Task statement
Begin at the line below that holds "The first thing" and end at the line that holds "Directions for numeracy", transcribing each line exactly and skipping any picture.

====== Raw data ======

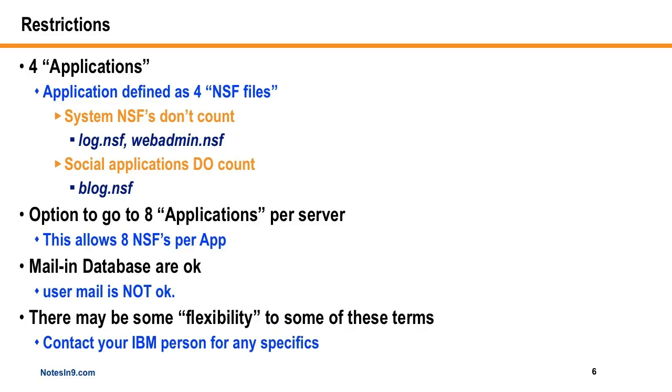But I believe, and I could be wrong here, but I believe the social applications NSFs count. So like the blog template, it's not really a system application. So if you actually put a blog on that, that would take care of one of your NSF files. But there is an option, I think it's for an additional $2,000 or $4,000 per box that lets you go up to eight applications per server.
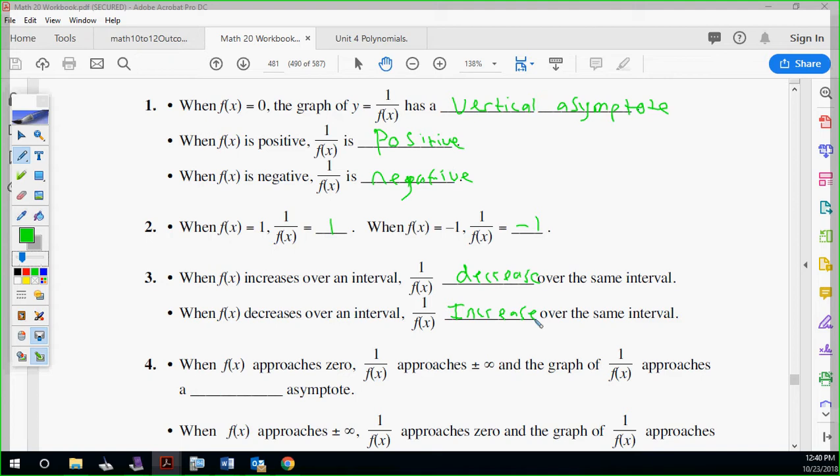As f of x decreases, the reciprocal is going to increase over the same interval. When f of x approaches zero, one over f of x approaches plus or minus infinity and the graph of one over f of x approaches a vertical asymptote. As you go further out to your right, it's going to approach that horizontal asymptote you can't cross.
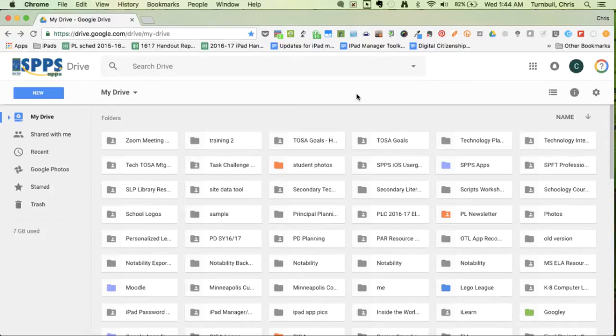The first thing that you need to do is create a shared Google folder that your students can submit their Notability notes to. So go ahead and go to your Google Drive.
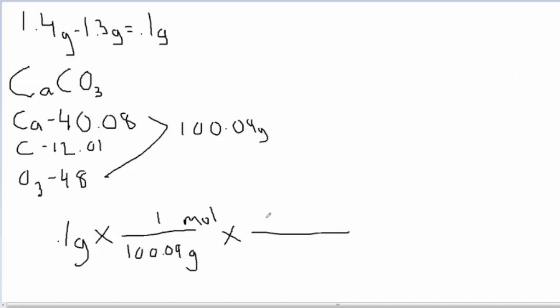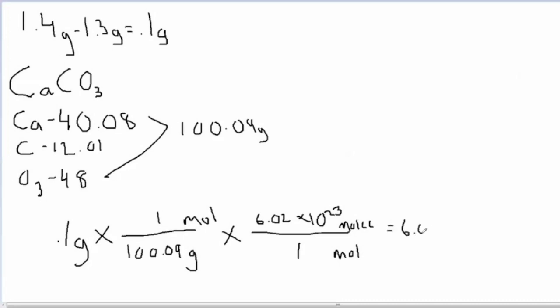Then you multiply that number by Avogadro's number, which is 6.02 times 10 to the 23rd. You get 6.02 times 10 to the 20th, but since 0.1 grams has one significant figure, the final answer should also have one significant figure. So your final answer is 6 times 10 to the 20th molecules.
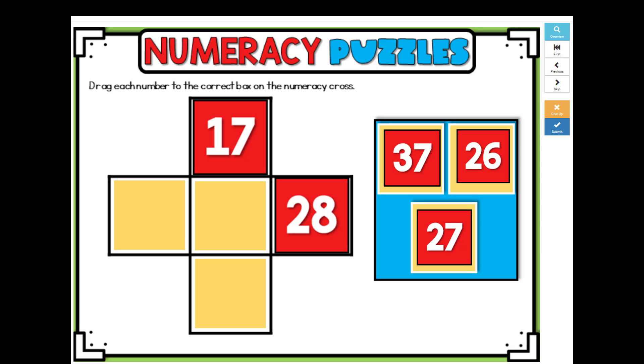Directions for numeracy puzzles. Drag each number to the correct box on the numeracy cross.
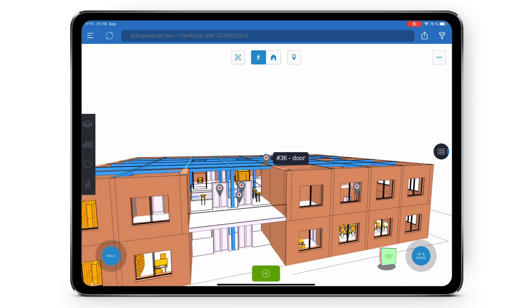That was an overview of our mobile BIM viewer guide. Thank you very much for watching, and if you have any questions feel free to reach out to us.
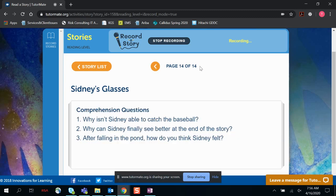Why isn't Sidney able to catch the baseball? Sidney couldn't catch the baseball because his glasses were too dirty, so he couldn't see very well.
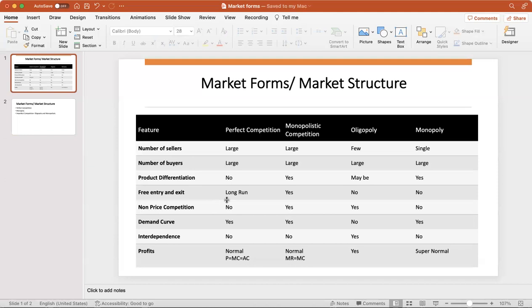There is a downward sloping market demand curve in perfect competition. We won't go into detail why and how the demand curve exists. Interdependence - no firm is dependent on another in perfect competition.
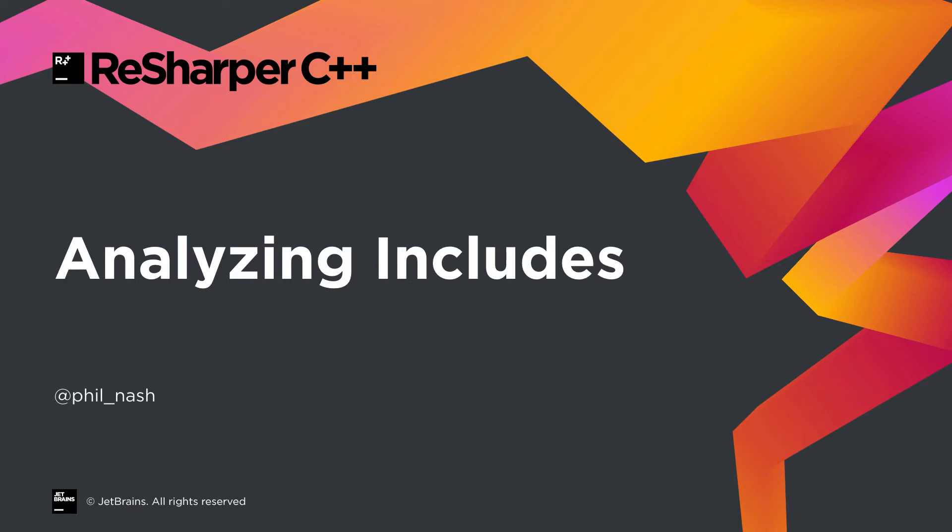Hi, I'm Phil Nash, Developer Advocate for ReSharper C++, C-Line and the other C++ and native tools here at JetBrains.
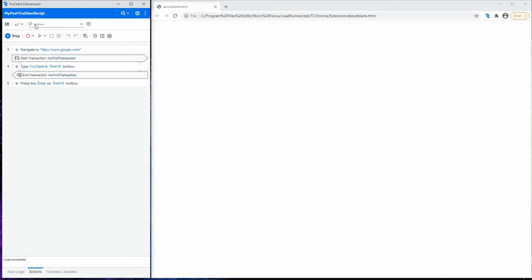This area is the TrueClient toolbar, which contains the menus and buttons most commonly used for recording, developing, and interactively replaying scripts.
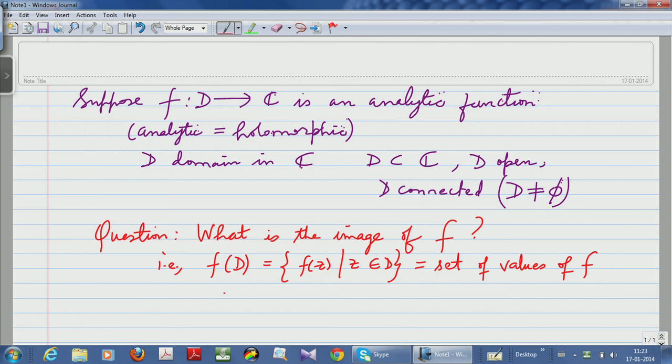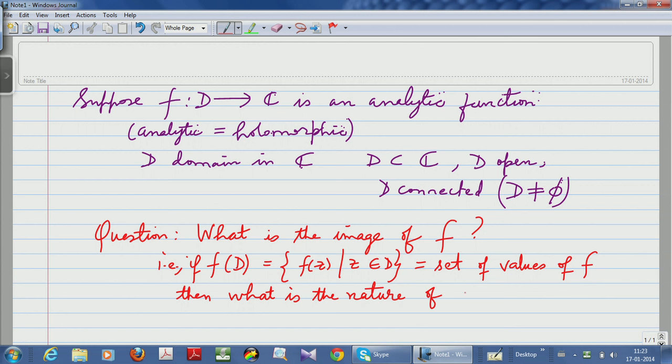So what is the nature of f(D)? By nature, one can ask a couple of things. One is of course the topological nature — f(D) is a subset of the complex plane, which is a topological space. So you can ask whether f(D) is open, closed, connected, path connected, compact, and so on.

======

Task response
The first thing that you need to do is create a shared Google folder that your students can submit their Notability notes to. So go ahead and go to your Google Drive.
Then you multiply that number by Avogadro's number, which is 6.02 times 10 to the 23rd. You get 6.02 times 10 to the 20th, but since 0.1 grams has one significant figure, the final answer should also have one significant figure. So your final answer is 6 times 10 to the 20th molecules.
Directions for numeracy puzzles. Drag each number to the correct box on the numeracy cross.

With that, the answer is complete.